As a pure ball of kinetic energy, Charlène Favier debut feature is damn impressive. It’s a film that moves. So it goes for a skiing film set on the French Alps. It’s also a super difficult film to watch. Young Lyz (Noée Abita) has just joined a premier ski club. She is all determination and grit. Up in the slopes, there are far greater threats than the environment and the crushing pressure to succeed. Her coach (Jérémie Renier) takes an interest in more than her skiing. From the skiing to the sexual content, the film is always moving, harrowing downhill with all of its might. It is very hard watching the young girl exploited by her coach and the sex scenes have the disturbing gravity of reality behind them. There is such authenticity to the film and a striking aesthetic. It’s a very good movie that I would like to never see or think about again.
Kim Ji-young, Born 1982
As a function of raw honesty, Kim Ji-young, Born 1982 is an aspirational debut for director Kim Do-young. The film takes aim at the patriarchal systems of South Korean society. Just do all of these chores and smile while doing them, society says. When a woman suffers a breakdown and feels she embodies the souls of her deceased relatives, nobody could ever blame her, living under the weight of that stress. While the film dozes off and gets knotted up in the weeds of its plotting, it draws our attention to two names to remember: director Kim Do-young and actress Jung Yu-mi, who are consistently rising above the material of the film. Based on the wave-making Korean #MeToo book of the same name, which was a best-selling feminist novel in Korea.

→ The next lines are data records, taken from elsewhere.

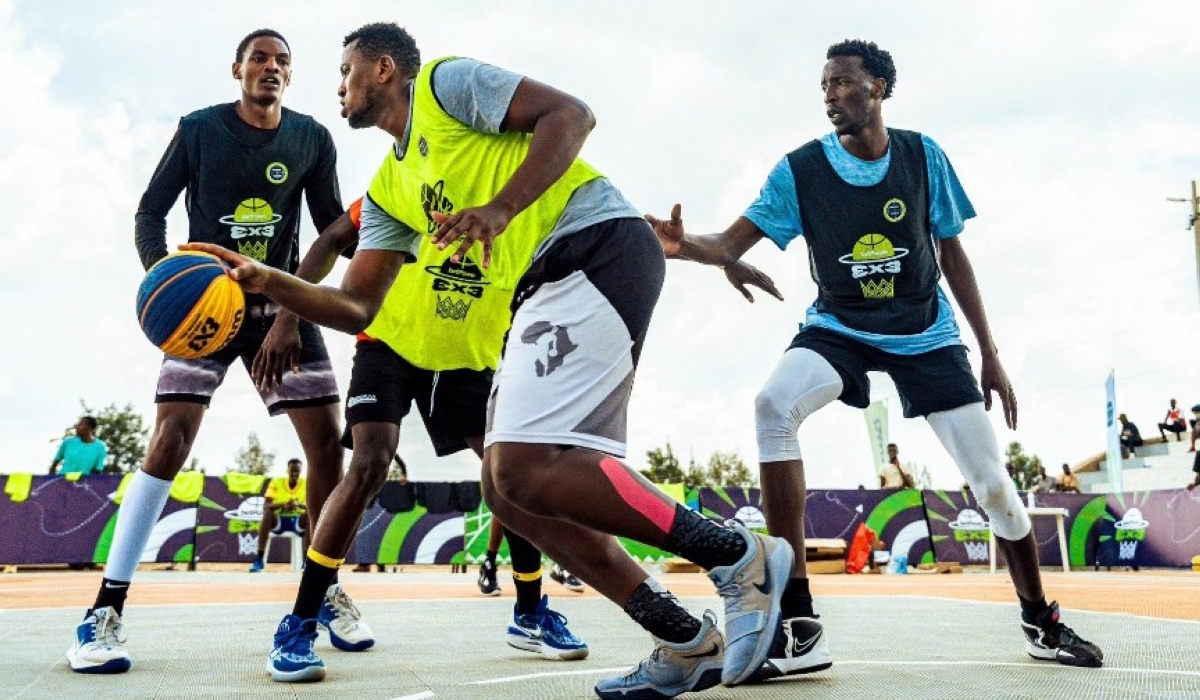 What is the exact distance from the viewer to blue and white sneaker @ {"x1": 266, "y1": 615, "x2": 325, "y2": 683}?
12.0ft

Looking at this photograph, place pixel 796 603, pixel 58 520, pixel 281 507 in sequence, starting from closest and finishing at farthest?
pixel 796 603, pixel 58 520, pixel 281 507

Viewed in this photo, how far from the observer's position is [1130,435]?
1332 inches

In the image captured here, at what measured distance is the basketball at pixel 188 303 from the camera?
3299 mm

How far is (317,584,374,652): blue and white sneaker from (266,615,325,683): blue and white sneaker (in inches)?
32.7

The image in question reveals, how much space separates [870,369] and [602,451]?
5.88 ft

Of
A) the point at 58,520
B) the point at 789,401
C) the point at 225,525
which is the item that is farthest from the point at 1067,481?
the point at 789,401

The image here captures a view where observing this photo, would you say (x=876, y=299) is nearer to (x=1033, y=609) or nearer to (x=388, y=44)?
(x=1033, y=609)

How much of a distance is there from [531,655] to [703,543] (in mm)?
1788

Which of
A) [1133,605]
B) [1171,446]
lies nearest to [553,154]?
[1133,605]

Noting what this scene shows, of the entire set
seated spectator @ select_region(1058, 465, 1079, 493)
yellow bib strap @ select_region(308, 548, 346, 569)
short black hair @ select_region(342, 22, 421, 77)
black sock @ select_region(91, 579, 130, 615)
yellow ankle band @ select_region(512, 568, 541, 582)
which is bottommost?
black sock @ select_region(91, 579, 130, 615)

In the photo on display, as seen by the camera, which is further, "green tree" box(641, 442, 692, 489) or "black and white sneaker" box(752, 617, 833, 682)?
"green tree" box(641, 442, 692, 489)

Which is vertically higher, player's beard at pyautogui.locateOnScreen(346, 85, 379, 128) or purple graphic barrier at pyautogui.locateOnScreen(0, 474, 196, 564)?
player's beard at pyautogui.locateOnScreen(346, 85, 379, 128)

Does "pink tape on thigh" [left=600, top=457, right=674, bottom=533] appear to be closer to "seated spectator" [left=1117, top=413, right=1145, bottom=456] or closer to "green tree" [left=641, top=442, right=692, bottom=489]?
"seated spectator" [left=1117, top=413, right=1145, bottom=456]

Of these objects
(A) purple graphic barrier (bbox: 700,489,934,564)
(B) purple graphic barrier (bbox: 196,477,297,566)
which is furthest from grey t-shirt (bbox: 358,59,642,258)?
(A) purple graphic barrier (bbox: 700,489,934,564) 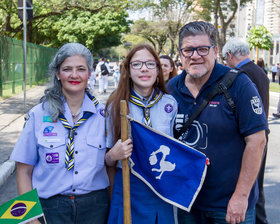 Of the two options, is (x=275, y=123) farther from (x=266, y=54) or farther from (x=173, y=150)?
(x=266, y=54)

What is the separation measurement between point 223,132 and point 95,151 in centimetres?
87

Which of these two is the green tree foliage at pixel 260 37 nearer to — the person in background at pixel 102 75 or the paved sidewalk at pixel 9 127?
the person in background at pixel 102 75

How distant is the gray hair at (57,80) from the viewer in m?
2.30

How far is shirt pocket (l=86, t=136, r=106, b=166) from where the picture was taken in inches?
91.7

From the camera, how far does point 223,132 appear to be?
227 centimetres

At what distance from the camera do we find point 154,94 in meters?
2.64

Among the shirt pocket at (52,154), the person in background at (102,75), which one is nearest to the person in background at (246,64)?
the shirt pocket at (52,154)

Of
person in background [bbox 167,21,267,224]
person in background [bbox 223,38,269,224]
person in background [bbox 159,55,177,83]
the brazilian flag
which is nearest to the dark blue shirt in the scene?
person in background [bbox 167,21,267,224]

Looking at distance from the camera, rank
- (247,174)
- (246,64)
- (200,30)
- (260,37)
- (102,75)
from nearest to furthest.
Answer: (247,174), (200,30), (246,64), (102,75), (260,37)

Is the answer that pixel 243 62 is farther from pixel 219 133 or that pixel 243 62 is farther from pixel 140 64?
pixel 219 133

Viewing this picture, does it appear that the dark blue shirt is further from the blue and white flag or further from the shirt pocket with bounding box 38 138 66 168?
the shirt pocket with bounding box 38 138 66 168

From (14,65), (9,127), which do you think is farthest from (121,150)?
(14,65)

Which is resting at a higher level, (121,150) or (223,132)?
(223,132)

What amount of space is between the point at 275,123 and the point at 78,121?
9.48m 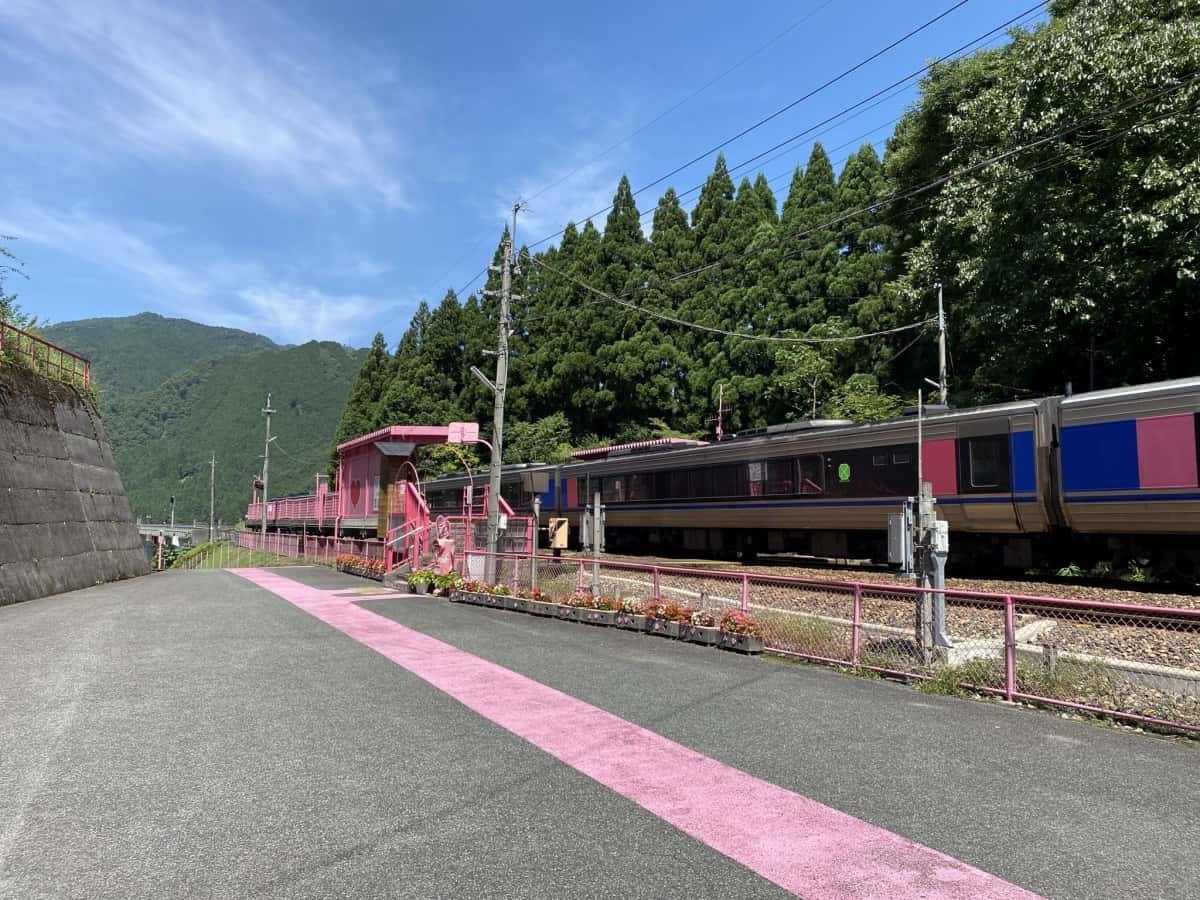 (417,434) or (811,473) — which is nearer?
(811,473)

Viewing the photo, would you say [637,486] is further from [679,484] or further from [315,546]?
[315,546]

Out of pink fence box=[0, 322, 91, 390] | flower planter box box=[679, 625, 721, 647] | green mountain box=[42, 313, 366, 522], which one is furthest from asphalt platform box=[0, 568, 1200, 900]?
green mountain box=[42, 313, 366, 522]

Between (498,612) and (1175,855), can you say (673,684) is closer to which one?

There’s certainly something to say about our relationship to social media influencers and their relationship to us. The thing is that it’s so obvious, it’s almost incredible that a movie was made about it. Just the thought process there, to frame social media through the eyes of an influencer. We know everything it could plausibly say about the burnout of the soul. If we’ve spent a moment on those sites, we have seen and possibly felt it first hand. The urge to share constant updates and then the refractory period of realizing we truly have nobody to share those internet moments with. Our internet culture has advanced so far beyond our brain’s ability to find a healthy medium for these interactions, how could the end result be anything but distress? For Magnus von Horn it must have seemed like a worthy venture for a feature film but the end result is so remarkably banal, we almost have to respect the team for going through the motions. We are left with the same feeling we get from posting a deluge of status updates. A lot has technically happened but only emptiness remains.